SIR JOHN Major and Tony Blair took a calculated risk this week. The two former Prime Ministers came together to warn that a vote to leave the European Union could break up the United Kingdom. What was surprising, however, was where they chose to deliver that message – a city where many people have traditionally been quite keen to break up the UK, or, at least, break off one part of it. Not Scotland, but Northern Ireland.
The two men delivered their warning at a campus of the University of Ulster, not in Jordanstown, on the outskirts of Belfast, or the mainly Unionist Coleraine, but in nationalist Londonderry.
The location was chosen in part because of symbolism.
Where the two men stood was just a few miles away from the border with the Republic of Ireland.
The second main plank of their argument was that a Leave vote would fundamentally change how the border operates, with a huge knock-on effect on the still fragile Northern Irish economy.
But the headline appeal was mainly to the Unionist community.
Tactically, this makes sense. There are more Unionists than Nationalists in Northern Ireland.
Unionists are also more likely to vote Leave, not least because the largest party, the Democratic Unionist Party (DUP), backs a Brexit.

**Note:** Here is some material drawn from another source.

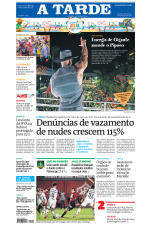 A TARDE - Edição de 11 de Fevereiro de 2026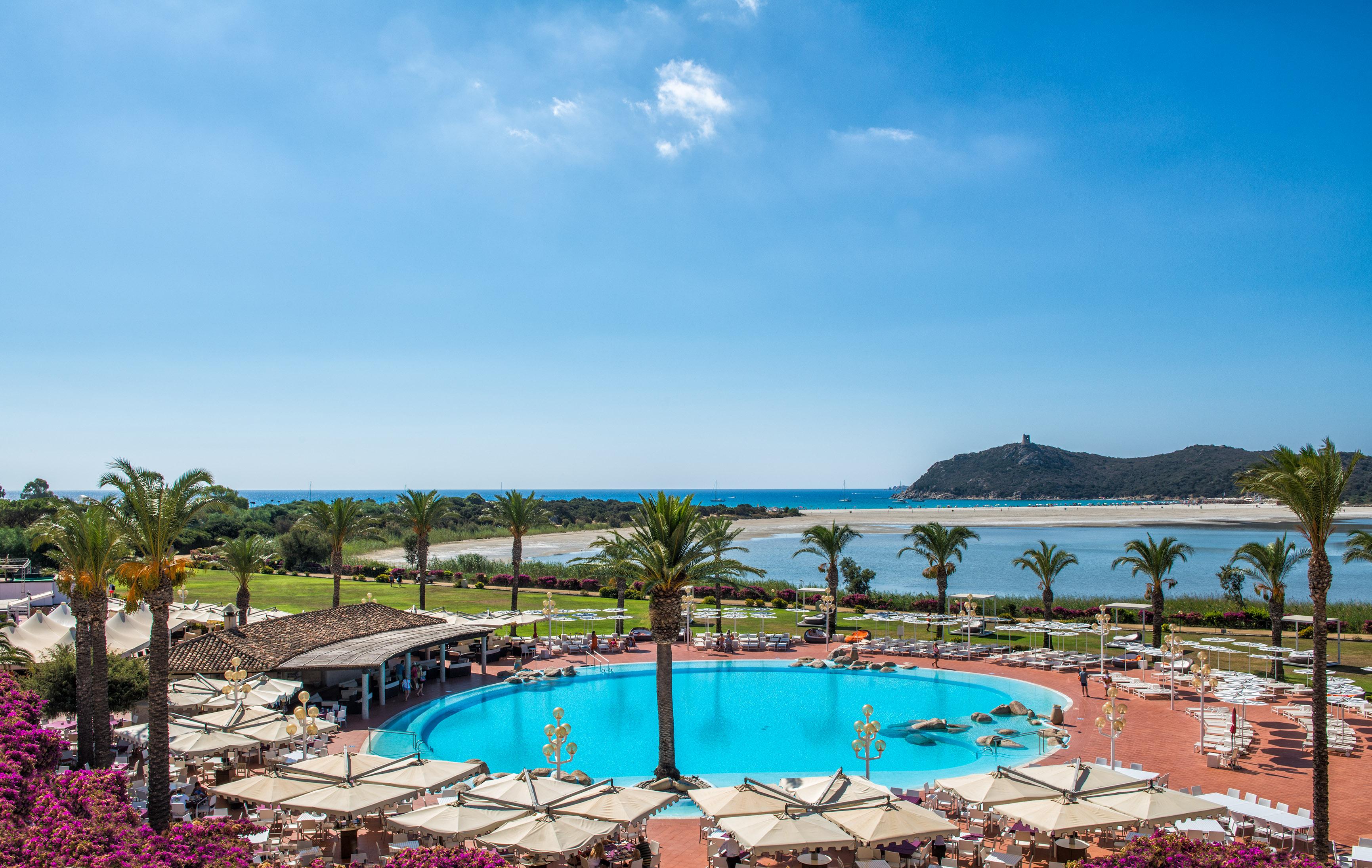 Timi Ama Sardegna Villasimus铂尔曼酒店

The ex-Prime Ministers are also gambling on the fact that polls suggest Nationalists are less keen on a united Ireland than they were a few years ago, before Ireland's high-profile economic bail out. But at times it seemed a curious message for two former party leaders who had devoted so much of their time to helping the peace process (the impact of Sir John's now little-mentioned Downing Street declaration cannot be underestimated).
And many, not just of her own supporters, will have felt a sympathy with the DUP First Minister Arlene Foster when she accused them of using Northern Ireland to scaremonger and try to frighten other parts of the UK.
That we have moved to a point where, for once, Northern Irish politicians are accusing others of scaremongering is only a progress of sorts. There is an Irish warning that has been mainly overlooked by all sides in this debate.
In 2001 the country surprised the world by voting No to an EU agreement, the Nice treaty. At the time it was seen by many outside as a vote against European expansionism. But part of the live debate in Ireland at the time were proposals to change the rules for smaller countries – and concern that Ireland, with a population of less than four million – could suffer further down the line.
Underlying that was a fear of and a backlash against elites, by many who felt that, despite the then rampant Celtic Tiger, they had been left behind both economically and socially for years.
Stop me when this sounds familiar.
There are few crumbs of comfort for David Cameron in the Ireland experience. As all those who lived there at the time, and I was one of them, will remember, the then Irish Government did not see the No vote coming.